The observed value of the criterion is equal to 0.2552, which means
that 26% of the total inertia comes from the differences between
seasons. The simulated *p*-value is equal to 0.001, which means
that the difference between seasons is highly significant.

The histogram shows the distribution of the values of the criterion computed on permuted tables. The observed value for the unpermuted table (0.2552) is plotted on the graph with a vertical bar and a black diamond sign.

`plot(rtdiscseason)`

Plot of the `rtdiscseason`

Monte-Carlo test.

The main characteristic of the temporal structure of physico-chemical parameters revealed by this analysis is the water cycle, the pollution gradient is eliminated.

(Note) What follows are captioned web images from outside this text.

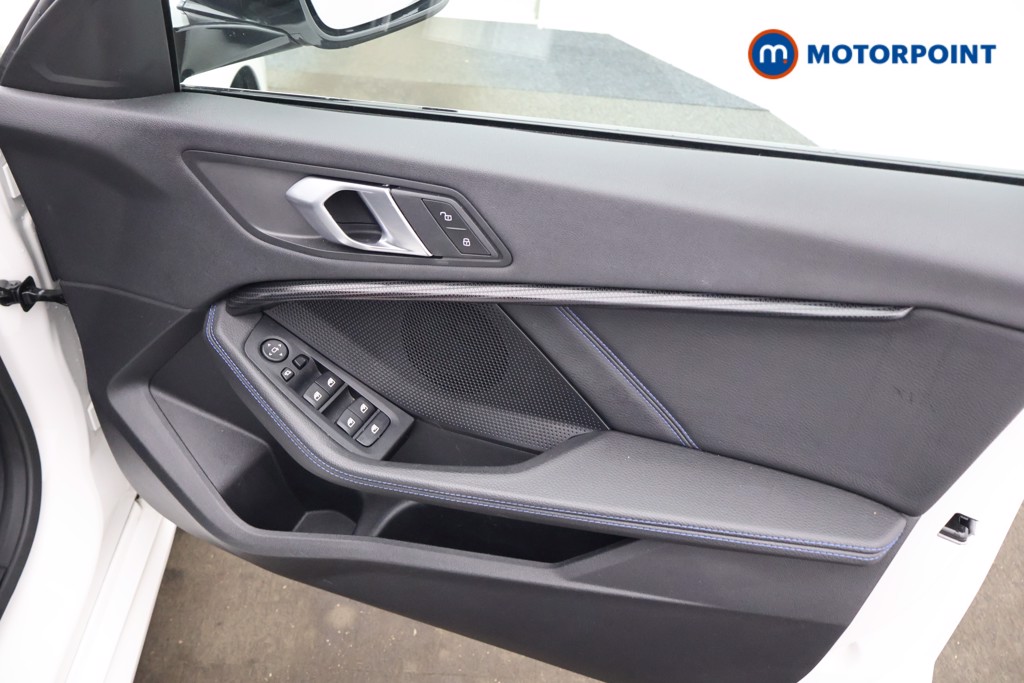 BMW 2 Series M Sport Automatic Petrol Saloon - Stock Number (1589613) - 12th supplementary image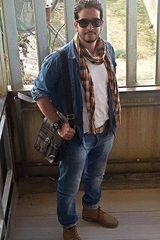 Фотография пользователя AbdelhakBenyoucef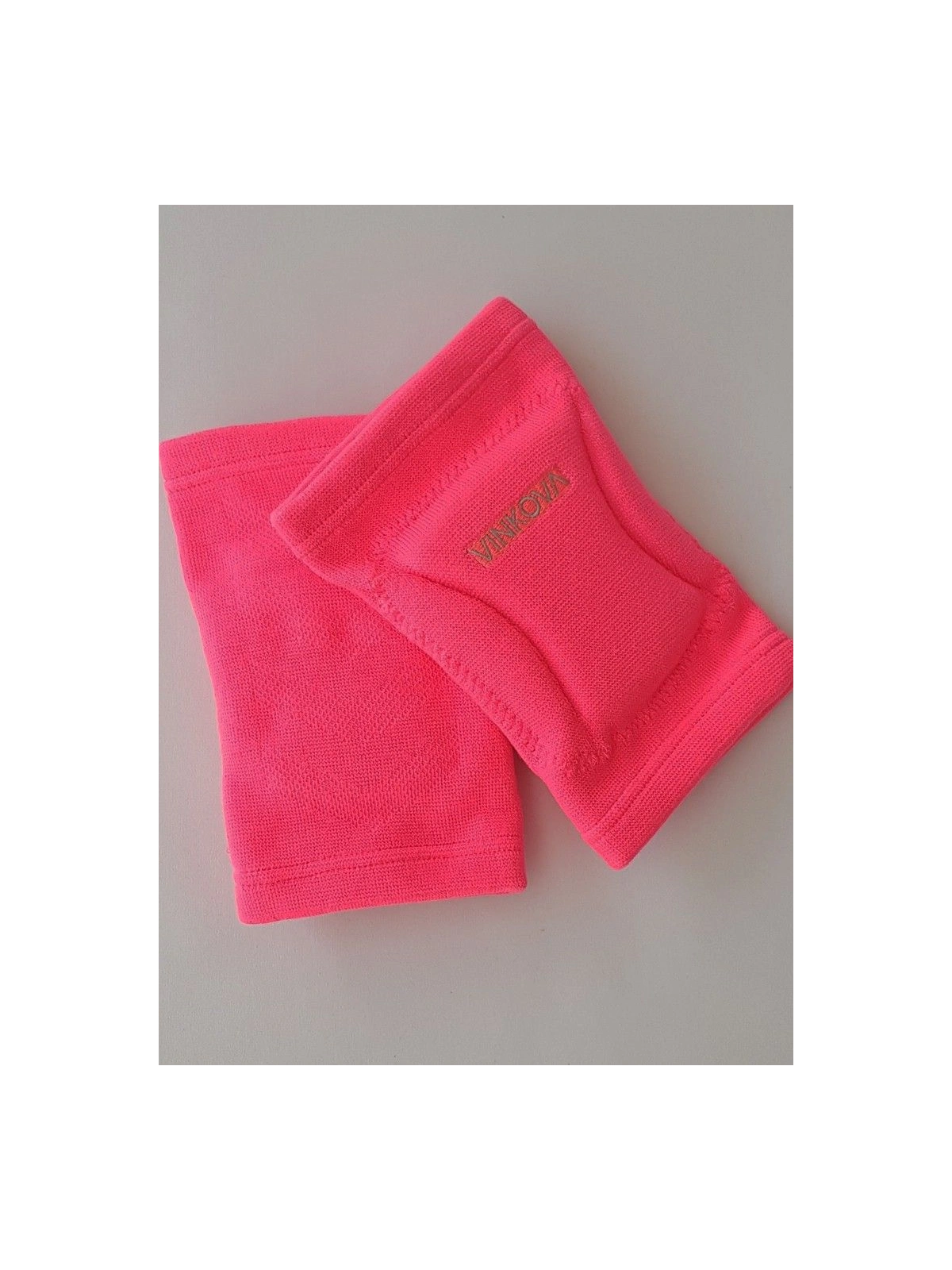 Knee pads VINKOVA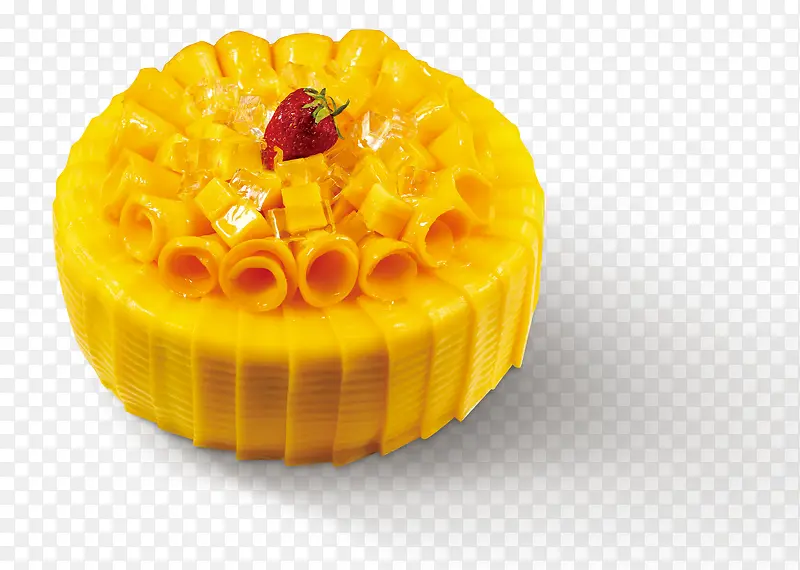 â������-������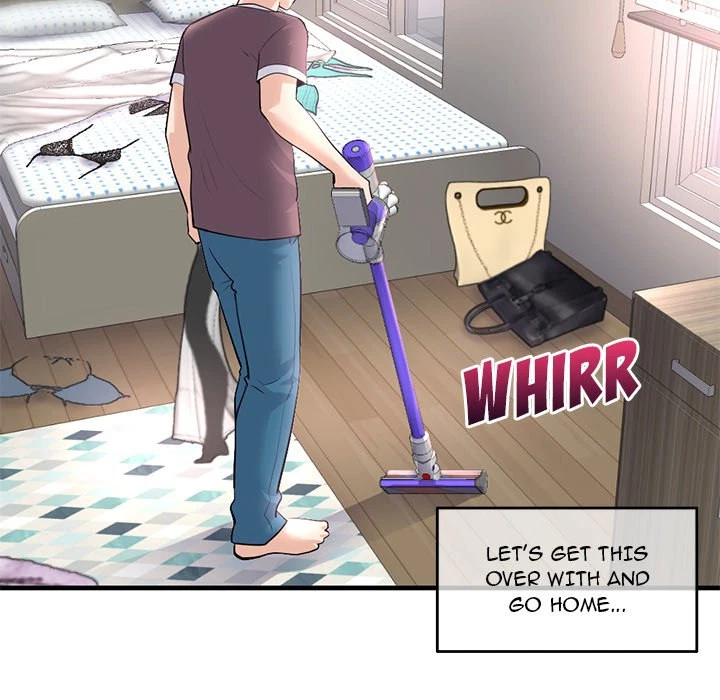 Chapter 11, page 114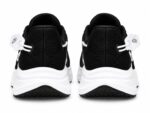 Nike Black Running Shoes - Image 4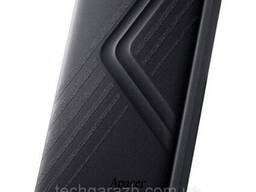 PHD External 2.5'' Apacer USB 3.2 AC236 1Tb Black (color box)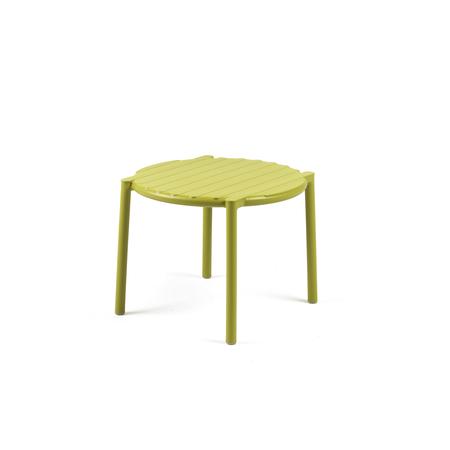 Table basse Doga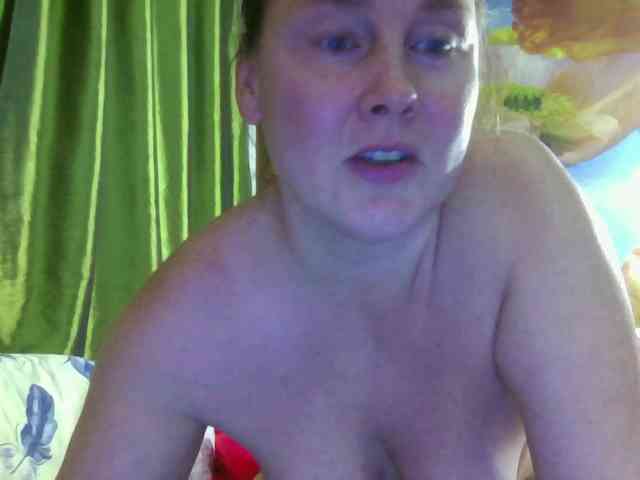 Yoursex2022 Live Webcam on BongaCams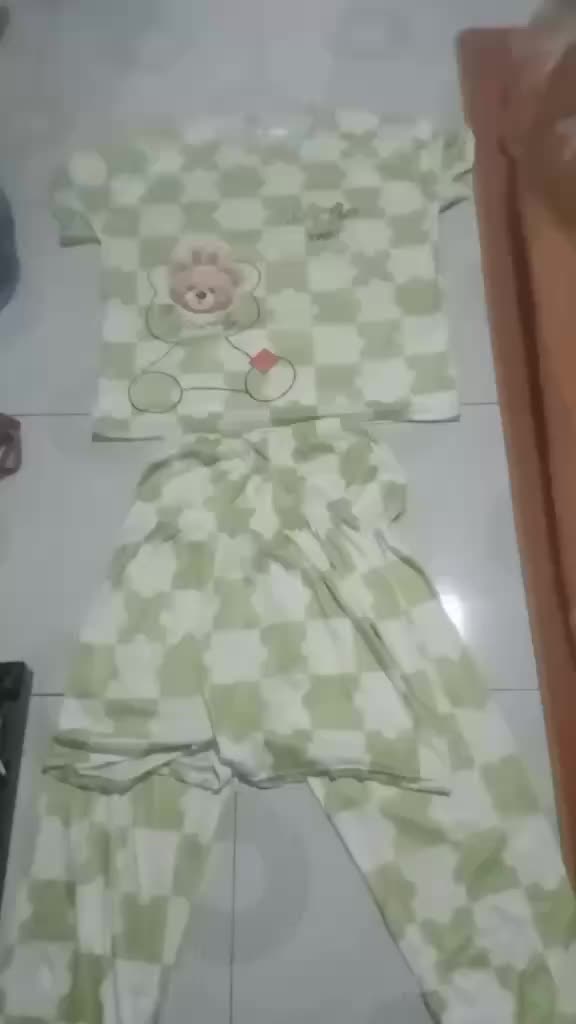 review image 5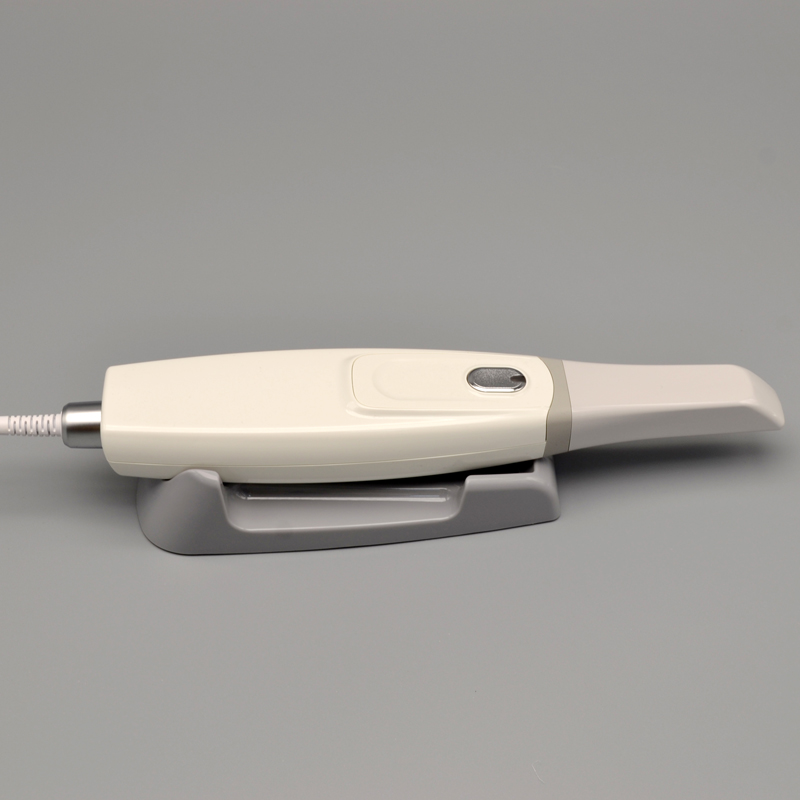 3D Dental Scanner Intraoral Imaging System
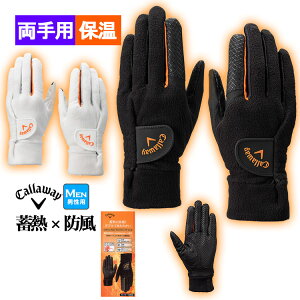 yFGz2025N {Ki Callaway GOLF LEFC St nCp[ q[g O[u FW 25 [^b`plΉn]iY/pj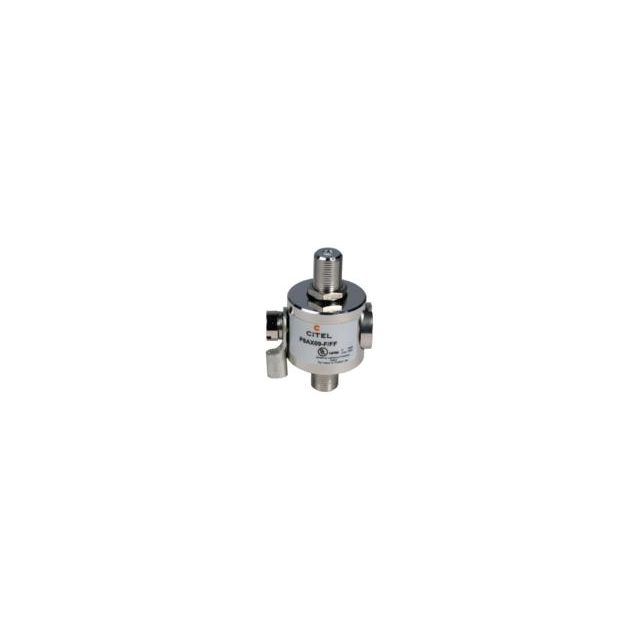 Outdoor RF Protector, F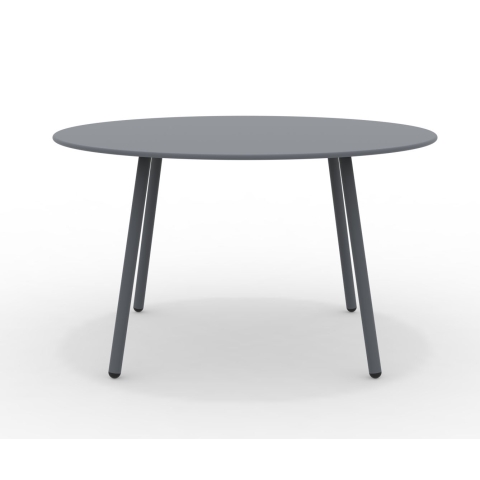 Stół Roma RM1300 - Vermobil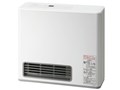 NR-C620FH-WH [�s�s�K�X �z���C�g]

Between-Class Analyses and Discriminant Analyses highlight
differences between groups of observations but are not based on the same
constraints. This implies that Between-Class Analysis maximises the
between-class inertia whereas Discriminant Analysis maximises the
between-class inertia relative to the total inertia. This theoretical
difference has important practical implications. Between-Class Analyses
can work on tables with few individuals compared to the number of
variables and is able to deal with collinearities among variables. On
the other hand, Discriminant Analysis requires a high number of
individuals compared to the number of variables. An another important
difference is illustrated by the `Row scores and classes`

graph of the between-season analysis. On this plot, all the seasons
present an elongated ellipse associated to the pollution gradient kept
on the first axis of the analysis. Hence, BCA maximises the distance
between the centers of the ellipses (i.e., the between-class inertia)
but does not control for the size of the ellipses (i.e., the total
inertia). On the other hand, Discriminant Analysis, tries to maximise
the between-class inertia while minimising the total inertia. In the
`Row scores and classes`

graph of the Discriminant Analysis,
the ellipses of seasons are thus much smaller. All the sites gathered to
the gravity center of the seasons, highlighting the seasonal cycle.

## Conclusion

The main structure of the `meau`

data set is the spatial
structure of the pollution along the six sites. There is a strong
pollution peak between sites 1 and 2, and the restoration process takes
place downstream along sites 3, 4 and 5. The simple PCA of the data
table shows this spatial structure very clearly and it can be
interpreted using the contributions of the 10 physico-chemical
parameters. The between-site analysis does not bring much more
information.

There is also a strong seasonal structure, which is not very clearly taken into account by the simple PCA. This structure opposes warm and cold seasons. In the warm season, pollution is lower in spring than in summer because stream flow is higher in spring and pollutants are more diluted. Moreover, tourism is much higher in summer, which still increases pollution. In the cold season, pollution is higher in autumn because stream flow is at its minimum, so the concentration of pollutants is maximum, although most tourists have gone. This structure is adequately revealed by both the between-season analysis and the within-site analysis. However, this pollution structure disappeared in the Discriminant Analysis because of the supplementary constraint on the physico-chemical variables keeping only the water cycle (temperature and flow).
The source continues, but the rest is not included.